What’s the worst thing about a cat alarm clock? There’s no snooze button! If you have dark circles under your eyes from your cat’s nighttime or early morning activity, try these solutions.
Understand your cat’s nighttime behavior. Is your cat waking you up “on purpose” or is it just too loud after bedtime? If it’s the latter, put away the bell toys after dark and replace them with soft foam balls that your cat can spin without waking the whole house.
If your cat wakes you on purpose, such as by coming into your room and meowing loudly or pawing at your face, try to figure out what she is trying to get from you. Is he bored or lonely? Make sure it has plenty of (silent) toys. Provide stimulation, exercise, and companionship during the day so he doesn’t have to search for them at night.
If you only have one cat, consider finding a companion that will keep him busy and active during the day.
Does he wake you up because he’s hungry or thirsty? Make sure you provide adequate food during the day and enough water to get him through the night.
- CATS THAT SCRATCH FURNITURE, CLOTHES, OR CARPETS.
Does your cat have a habit of destroying furniture in your home? Try using a little behavior modification to stop his bad habits.
If you don’t want your cat to scratch your couch, you need to provide plenty of acceptable places for her to claw. Invest in posts your cat will use and sprinkle them with catnip to encourage her to choose the position over the sofa.
If you notice your cat scratching your clothes or furniture, gently discourage this behavior by spraying him with a bottle of water.) Praise him enthusiastically and generously every time he approaches a post.
- CATS THAT DON’T WANT TO USE THE BOX.
The litter box problem is one of the most frustrating and difficult for cat parents to solve. Litter box aversion is the number one reason cats are surrendered to shelters, but there are many ways to combat this problem and help your cat learn to always use the litter box.
When it comes to litter box aversion, it’s important to rule out medical problems first. An infection or other illness could be preventing your cat from controlling her bladder.
Next, consider the location of your kitty’s litter box. Is it easily accessible, in a private but comfortable area? Just as you wouldn’t want to use the toilet in a dark, cold corner of the basement, your cat won’t either.

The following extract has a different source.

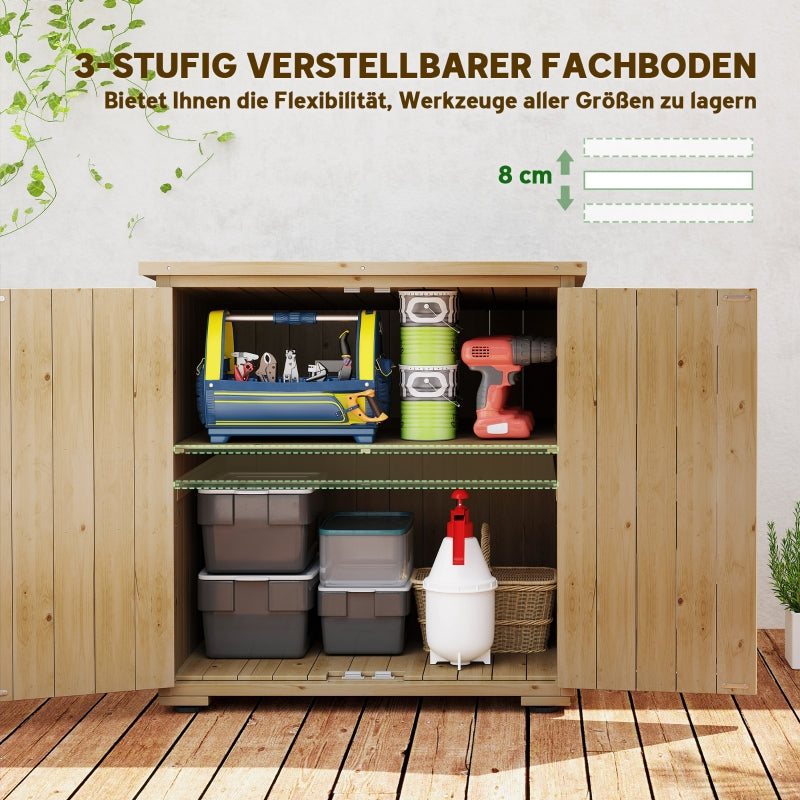 Outdoor Storage Box Weatherproof Asphalt Roof - Dark Grey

Make sure you have several litter boxes, especially if you have several cats, as they can become territorial. A good rule of thumb is to keep one litter tray per cat, plus an extra one. Make sure they are large and comfortable. You should also note the age of the litter boxes and replace those that are more than 2 or 3 years old, as plastic boxes can absorb residual odors over the years.

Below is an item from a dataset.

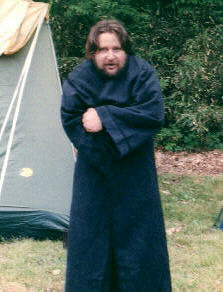 Kevin on his way to the showers...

In addition to these tips, try slowly switching to a litter containing a cat attractant in your cat’s current litter box, to attract her to the litter box. Be sure to clean the litter box daily to keep it clean and fresh.

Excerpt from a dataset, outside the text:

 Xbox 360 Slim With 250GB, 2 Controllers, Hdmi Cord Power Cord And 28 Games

- CATS THAT ARE “SCARED” IN “SCAREDY CAT”.
Cats are independent, but they are also social by nature.. Your shy cat may never be the main attraaction at the party, but your dreams of feline cuddles may still come true. It’s important to remain patient with your cat because if you get upset, you risk increasing their anxiety and reclusive behavior.
Respect your cat’s need for space. Your cat needs to be alone to feel comfortable and safe. Provide enclosed spaces that allow your cat to “hide” while being part of the action. Try placing baskets or covered cat beds in social spaces, such as the living room. If your cat can watch you from her safe space, she will gradually feel more comfortable.